Tell me what you think ?

Did I do ok ?

@Mike1950 can I get an experts advice

Reactions: Like 2 | EyeCandy! 5


----------



## Nature Man (Nov 11, 2018)

Truly beautiful piece! Shipping couldn't have been cheap! Chuck


----------



## sprucegum (Nov 11, 2018)

Does anyone else see a rabbit or perhaps a sheep face? (upper right)

Reactions: Agree 1


----------



## Mike1950 (Nov 11, 2018)

Glad this got moved. That is a great price. Is it dry?
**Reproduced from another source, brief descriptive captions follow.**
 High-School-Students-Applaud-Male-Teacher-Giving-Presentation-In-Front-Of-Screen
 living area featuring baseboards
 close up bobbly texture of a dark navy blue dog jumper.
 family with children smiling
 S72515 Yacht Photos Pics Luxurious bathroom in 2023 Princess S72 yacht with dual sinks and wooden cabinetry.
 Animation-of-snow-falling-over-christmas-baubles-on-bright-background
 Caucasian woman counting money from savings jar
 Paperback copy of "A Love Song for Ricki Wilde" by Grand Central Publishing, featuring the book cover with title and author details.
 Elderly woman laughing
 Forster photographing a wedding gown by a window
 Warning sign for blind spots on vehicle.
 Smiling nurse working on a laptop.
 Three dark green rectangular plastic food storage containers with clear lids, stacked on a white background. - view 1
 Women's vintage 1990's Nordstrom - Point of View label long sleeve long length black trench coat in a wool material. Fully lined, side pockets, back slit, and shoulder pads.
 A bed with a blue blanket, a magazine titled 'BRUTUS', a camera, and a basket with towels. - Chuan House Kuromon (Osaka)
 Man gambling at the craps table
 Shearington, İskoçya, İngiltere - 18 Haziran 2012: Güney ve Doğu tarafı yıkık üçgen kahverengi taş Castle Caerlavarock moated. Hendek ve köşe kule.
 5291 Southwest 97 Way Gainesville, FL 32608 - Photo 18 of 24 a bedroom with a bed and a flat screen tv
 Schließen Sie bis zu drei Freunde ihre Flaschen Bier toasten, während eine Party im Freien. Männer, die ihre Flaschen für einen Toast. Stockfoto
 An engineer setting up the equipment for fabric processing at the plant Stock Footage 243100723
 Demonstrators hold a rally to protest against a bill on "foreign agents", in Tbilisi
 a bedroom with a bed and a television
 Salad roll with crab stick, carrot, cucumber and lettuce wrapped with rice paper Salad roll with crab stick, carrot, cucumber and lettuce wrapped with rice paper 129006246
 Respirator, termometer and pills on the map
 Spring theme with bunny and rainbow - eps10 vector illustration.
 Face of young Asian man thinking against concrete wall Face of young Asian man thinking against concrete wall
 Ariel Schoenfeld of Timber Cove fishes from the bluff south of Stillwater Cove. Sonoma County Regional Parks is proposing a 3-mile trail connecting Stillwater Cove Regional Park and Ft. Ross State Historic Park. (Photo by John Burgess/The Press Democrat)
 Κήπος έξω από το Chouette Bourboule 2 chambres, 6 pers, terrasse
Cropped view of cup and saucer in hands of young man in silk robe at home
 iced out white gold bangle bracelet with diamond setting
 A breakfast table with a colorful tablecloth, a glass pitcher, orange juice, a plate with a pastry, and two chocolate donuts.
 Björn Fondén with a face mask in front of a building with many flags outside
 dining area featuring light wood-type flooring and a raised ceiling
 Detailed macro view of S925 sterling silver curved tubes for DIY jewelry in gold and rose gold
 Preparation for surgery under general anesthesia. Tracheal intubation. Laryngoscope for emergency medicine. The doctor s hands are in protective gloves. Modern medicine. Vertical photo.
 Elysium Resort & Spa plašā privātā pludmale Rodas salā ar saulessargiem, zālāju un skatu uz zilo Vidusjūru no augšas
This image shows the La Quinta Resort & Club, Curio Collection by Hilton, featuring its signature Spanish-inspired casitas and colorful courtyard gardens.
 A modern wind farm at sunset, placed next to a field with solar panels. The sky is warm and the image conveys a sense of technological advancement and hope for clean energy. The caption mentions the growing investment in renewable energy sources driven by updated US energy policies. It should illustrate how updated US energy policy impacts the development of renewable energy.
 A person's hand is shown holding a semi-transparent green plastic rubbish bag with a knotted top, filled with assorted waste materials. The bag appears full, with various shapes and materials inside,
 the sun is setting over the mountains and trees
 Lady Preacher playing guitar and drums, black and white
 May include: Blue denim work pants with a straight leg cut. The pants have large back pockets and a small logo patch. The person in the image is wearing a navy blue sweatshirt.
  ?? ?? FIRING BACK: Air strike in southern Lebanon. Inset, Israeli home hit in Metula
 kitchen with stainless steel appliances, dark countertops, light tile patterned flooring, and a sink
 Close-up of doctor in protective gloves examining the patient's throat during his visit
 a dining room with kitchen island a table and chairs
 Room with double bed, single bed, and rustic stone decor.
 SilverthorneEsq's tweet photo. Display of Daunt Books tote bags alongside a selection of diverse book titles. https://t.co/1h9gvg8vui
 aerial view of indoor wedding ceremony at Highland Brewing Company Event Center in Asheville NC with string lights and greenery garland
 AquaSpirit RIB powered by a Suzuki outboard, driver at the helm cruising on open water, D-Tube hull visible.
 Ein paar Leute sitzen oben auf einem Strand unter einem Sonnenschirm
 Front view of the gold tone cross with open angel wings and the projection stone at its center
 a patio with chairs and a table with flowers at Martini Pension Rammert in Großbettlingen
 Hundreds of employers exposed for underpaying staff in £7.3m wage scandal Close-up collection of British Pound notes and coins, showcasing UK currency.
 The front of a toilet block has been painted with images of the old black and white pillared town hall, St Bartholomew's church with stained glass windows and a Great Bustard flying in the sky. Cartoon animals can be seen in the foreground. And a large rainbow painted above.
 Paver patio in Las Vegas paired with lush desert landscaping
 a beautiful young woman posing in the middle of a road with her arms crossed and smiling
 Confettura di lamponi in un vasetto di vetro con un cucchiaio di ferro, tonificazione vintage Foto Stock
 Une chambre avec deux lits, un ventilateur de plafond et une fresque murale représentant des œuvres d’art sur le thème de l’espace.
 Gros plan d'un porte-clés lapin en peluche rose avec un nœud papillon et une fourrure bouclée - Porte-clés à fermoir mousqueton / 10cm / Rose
Not really quilt more heavy curl but it will resaw into great lumber.


----------



## Texasstate (Nov 11, 2018)

Been drying for over 2 years not exact on mc

Reactions: Like 1


----------



## CWS (Nov 11, 2018)

sprucegum said:


> Does anyone else see a rabbit or perhaps a sheep face? (upper right)


Sure !! Plane as the nose on your face. Just kidding Dave. I can see a rabbit.


----------



## barefoot (Nov 18, 2018)

Yes, a rabbit. Gorgeous wood. Watcha gonna do with it?


----------



## Texasstate (Nov 18, 2018)

I think I am going to make and entry way table. Not real sure but I like the slab so I prefer not to cut it up!

Snapped some pics after opening in the living room

Reactions: Like 1 | EyeCandy! 1


----------



## Patrude (Nov 26, 2018)

Talk about finding treasure. Same Dave, looks enough like a rabbit


----------